In 2010 I was the lead author of a research paper which was presented at a conference in Melbourne. We were investigating the idea that if people said ‘fuck’ while talking, that speech recognition would improve – the Holy Grail of those working in the area. It was intuitively obvious to see reasons why that might happen.
We had available to us an online game my co-author had developed as advertising for the movie Despicable Me. It was the first (only?) speech enabled internet game. The user would tell Minions to do things and they would do them. While developing it, Manny figured that it would be used mostly by boys of an age to find it vastly amusing to say ‘Fucking play table-tennis’ as an alternative to ‘Play table-tennis’. Etc. As he tested the system he had the idea that maybe he was being recognised more when he used the word ‘fucking’.
So we devised a test where people were given a set of randomly generated orders to give the Minions. They all included expressions without swearwords, with ‘fucking’ and with other swearwords instead. Nobody knew why they were doing the exercise. For lack of resources I asked people I knew to do this for me. We had a small group, but I thought a reliable one as a consequence.
We established statistical significance for the hypothesis that ‘fuck’ as an intensifier did improve recognition. You can see What’s the Magic Word? here.
About a year later we decided to do the experiment again. I didn’t have any more friends left (I know, it’s sad) but we had the resource available of AMT – the Turk. We did not achieve statistical significance. There were various possibilities as to why that was. Of course it could have been that our first experiment did not produce accurate data. But we had to acknowledge two important differences in the nature of the data collected which might also have been at issue. Firstly, using lowly paid (though we paid them much better than going rates) Turks. Secondly our Turks were US based. In our first experiment our users had been mostly Australians with a few English thrown in.
Ideally we would have used Australians again. However, at the time (I don’t know about now) this idea of crowd-sourced labour had not come to Australia yet. Furthermore and rendering the idea of a close if not exact repetition of the experiment impossible, the Minions game was taken offline and we could no longer use it.
We do think from time to time of exploring the ideas further, but the one thing we can state for sure is that neither we nor anybody else can repeat our original experiment.

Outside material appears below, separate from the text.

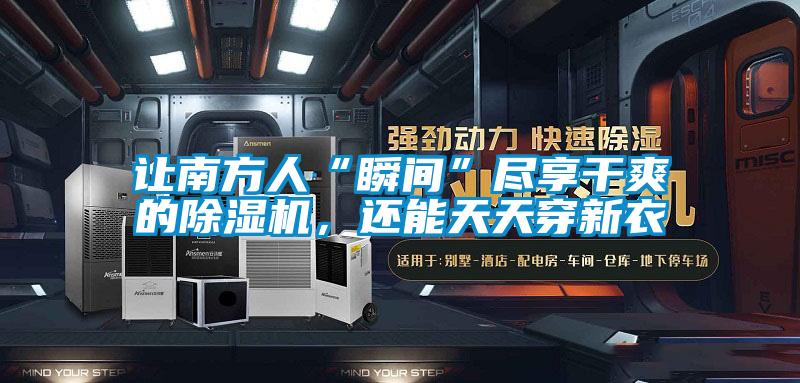 讓南方人“瞬間”盡享干爽的除濕機(jī)，還能天天穿新衣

For anybody looking at the paper, please note that it had a second agenda which is why it is oddly written by normal standards of academic work. Having proofread various papers in the same area which struck me as excruciatingly boring, I questioned the idea that one had to write in that way in order to be published. I wanted to write something that would be both interesting and intelligible to a person walking in off the street to listen to the paper being presented. In fact you have to pay a lot of money to go to academic conferences, so people off the street are excluded. I believe that is wrong and I believe that many, if not all, academic papers could and should be written in ways more accessible to the population at large.